Disable exception monitor
Turns Exception Monitor on or off. If you disable Exception Monitor, records will simply pass through the stage and no action will be taken. This is similar in effect to removing Exception Monitor from the dataflow.
Stop job after reaching exception limit
Specifies whether to halt job execution when the specified number of records meet the exception conditions.
Maximum number of exception records
If Stop job after reaching exception limit is selected, use this field to specify the maximum number of exception records to allow before halting job execution. For example, if you specify 100, the job will stop once the 101st exception record is encountered.
Report only (do not create exceptions)
Enables you to track records that meet exception conditions and reports those statistics on the Data Quality Performance page in the Data Stewardship Portal, but does not create exceptions for those records.
Return all records in exception's group
Specifies whether to return all records belonging to an exception record's group instead of just the exception record. For example, a match group (based on a MatchKey) contains four records. One is the Suspect record, one is a duplicate that scored 90, and two are unique records that scored 80 and 83. If you have a condition that says that any record with a MatchScore between 80 and 89 is an exception, by default just the records with a match score of 80 and 83 would be sent to the exception port. However, if you enable this option, all four records would be sent to the exception port.
Enable this option if you want data stewards to be able to compare the exception record to the other records in the group. By comparing all the records in the group, data stewards may be able to make more informed decisions about what to do with an exception record. For example, in a matching situation a data steward could see all candidates to determine if the exception is a duplicate of the others.
Note: If the input data does not contain a field named "CollectionNumber" this option will be disabled.
Group by
If you selected Return all records in exception's group, choose the field by which to group the records.
Note: The "CollectionNumber" input field will not appear in this list because it is not a valid selection for the Group by feature.
Revalidation service
Select the service you want to run when you revalidate records from this dataflow. The service runs when a user saves edited records in the Portal Exception Editor. Status is changed to Failed for records that fail revalidation. Successfully revalidated records are reprocessed or approved depending on the selection for Action after revalidation.
In an approval flow, successfully revalidated records are passed to the next approval level. For the last approval level in an approval flow, revalidated records are either released for reprocessing or retained in the repository as Resolved, depending on the selection for Action after revalidation.
Action after revalidation
Specifies whether to reprocess records or approve records that have been successfully revalidated.
  • Reprocess records—Choose this option to reprocess records that are successfully revalidated. The revalidated records are removed from the repository for reprocessing.
  • Approve records—Choose this option to approve records that are successfully revalidated. The approved records are retained in the repository and their status changed to Resolved.
Match exception records using match field
Uses match fields to match input records against exception records in the repository. Enable this option if your input contains records that previously generated exceptions but are now corrected in the input.

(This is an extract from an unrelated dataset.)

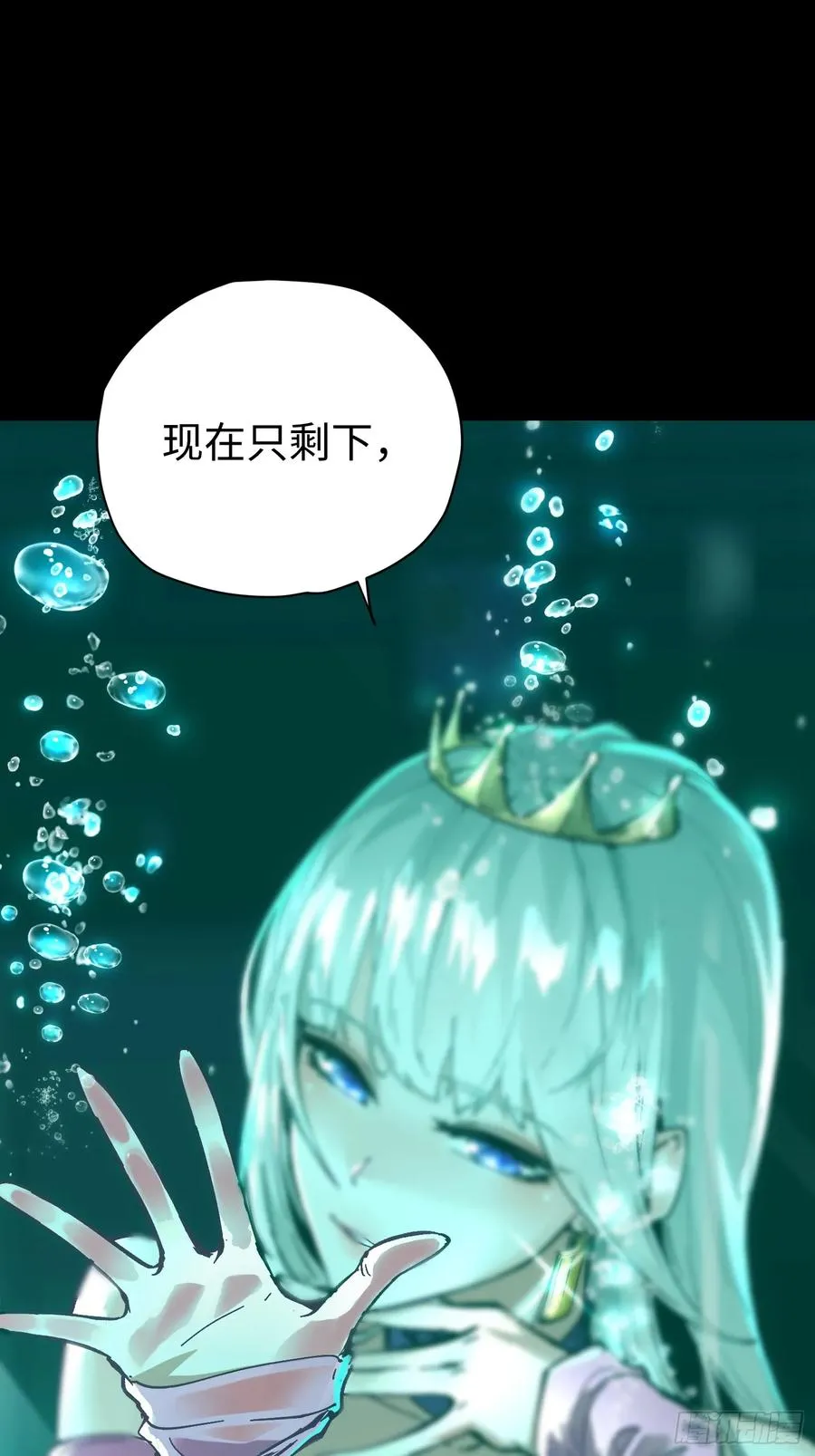 第39话70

The input records will be evaluated against the conditions and then matched against the existing exception records in the repository. If an input record passes the conditions and matches an exception record, that exception record will be removed from the repository. If an input record does not pass the conditions and matches an exception record, that exception record will be updated and retained in the repository. Additionally, if duplicates exist in the repository, only one matched exception per dataflow will be updated; all others for that dataflow will be deleted.

Optimized for single records or small batches
This option is activated when you check Match exception records using match field. When this option is not checked (default), the server will load into memory all existing exception records for the current dataflow and stage before processing the incoming exception records. This is recommended when the repository has a low number of existing exception records and high number of new exception records or updates. This scenario typically involves a longer initial load time and an increased memory requirement; it is faster when processing larger batches, such as daily, weekly, or monthly updates.

Checking this option is recommended when the repository has a high number of existing exception records and a relatively low number of new exception records or updates, as the server queries the repository for existing exception records as each input record is read in. This scenario typically involves a shorter initial load time and a lower memory requirement; it is faster when processing a few records in real time.

Match fields
Provides a list of all input fields used to build a key to match an exception record in the repository. You must define at least one match field if you checked the Match exception records using match field check box.